The asset monitoring unit 300 may optionally comprise a GNSS receiver 322. If the unit 300 and its associated asset are stationary (fixed), the location may be known to the unit 300 and the controller without the need of a GNSS receiver. However, if the unit 300 and its asset are mobile, a GNSS receiver 322 can be used to provide location information to the controller. The GNSS receiver 322 conventionally receives and processes GNSS satellite signals to compute a position. The position is then communicated to the controller using the transceiver 320. Such position transmissions may be intermittent or periodic.

The application software 314 may include one or more applications executed/utilized by the processing unit 302, such as a communication module 318 and an asset monitoring module 324. The asset monitoring module 324 monitors asset performance, including malfunction detection and reporting.

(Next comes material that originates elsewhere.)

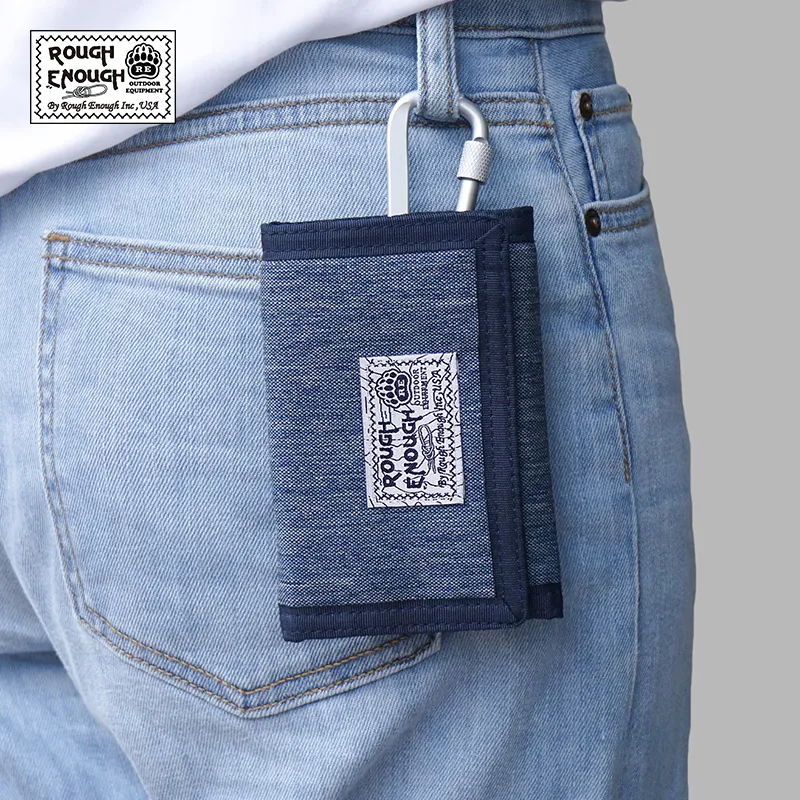 Rough Enough Denim Coin Purses Wallets Unisex Blue-4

The communication module 318 is utilized to communicate asset status information to the controller 108 (shown in FIG. 1) using the transceiver 320. In operation, the asset monitoring module 324 generates asset status information (including malfunctions) that is coupled to the communication module 314. The communication module 314 combines the status information with the asset position (if necessary) and couples the combined information to the transceiver 320 for transmission to the controller.

FIG. 4 is a flow diagram illustrating a method 400 performed by the controller for remote tracking of assets according to various embodiments of the present invention. The method 400 starts at step 402. In one embodiment, the method may begin due to an “on-demand” status request from the controller. In another embodiment, the asset 105 may report the status due to a status change such as a malfunction, or due to a time interval having expired. When the asset has reported a status, the method proceeds to step 404. At step 404, the controller receives an asset status transmission. In one embodiment, the asset status transmission may include the status of specific subcomponents of the asset. At step 406, the controller determines if the message contains a service notice. If there is not a need for service, the method 400 proceeds to step 404 to await the next status communication. The communication can be performed via an ‘on demand’ request from the controller, periodic transmissions from the asset, or intermittent transmissions upon a request for service.

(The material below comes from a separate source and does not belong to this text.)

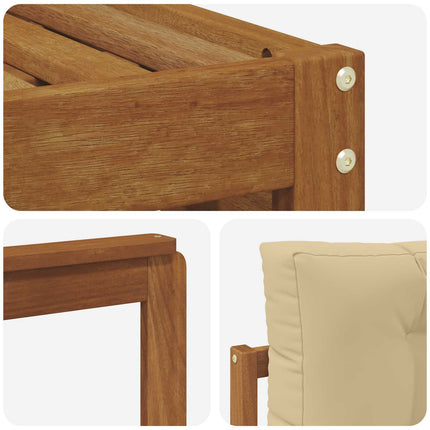 Udendørs sofagruppe med pude 6 pcs Naturlig og Beige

If there is a service request, the method 400 proceeds to step 410 and determines the closest receiver to the location of the malfunctioning asset. At step 414, the controller 108 informs the nearest receiver (i.e., a technician) of the malfunctioning asset and of relevant information, such as an asset identification number, location, problem, directions to the asset, maintenance history, and the like.

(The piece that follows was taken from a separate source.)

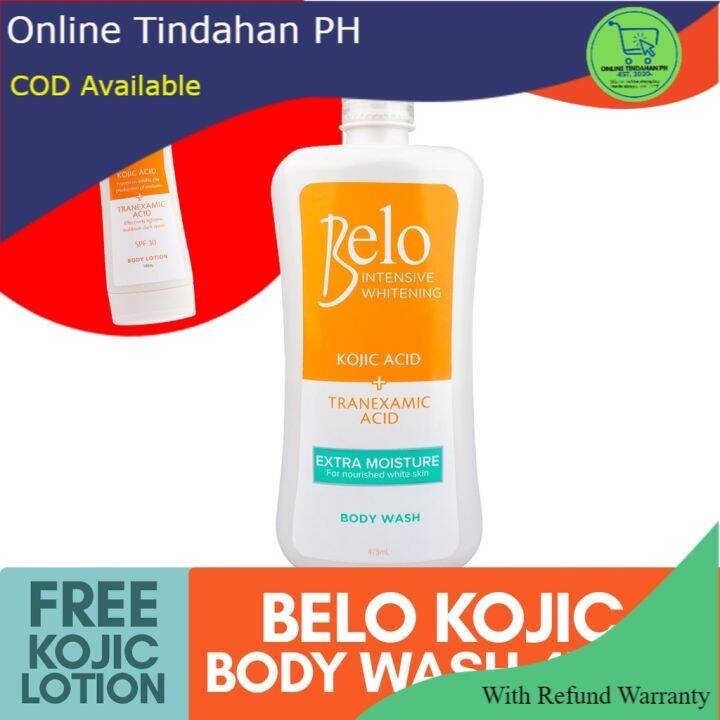 Belo Kojic Extra Moisture Body Wash 475mL + Kojic Lotion 100mL Lazada PH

At step 416, the controller 108 may monitor the status of the maintenance task. The job status may be updated by a technician reporting the service is complete, or the asset monitoring unit 300 may update the controller directly. In this manner, the controller may update its records upon correction of the malfunction. The technician may also be dispatched to perform regular (e.g., periodic) maintenance. The maintenance records would be updated upon completion of the scheduled maintenance. The method 400 ends at step 424.

While the foregoing is directed to embodiments of the present invention, other and further embodiments of the invention may be devised without departing from the basic scope thereof.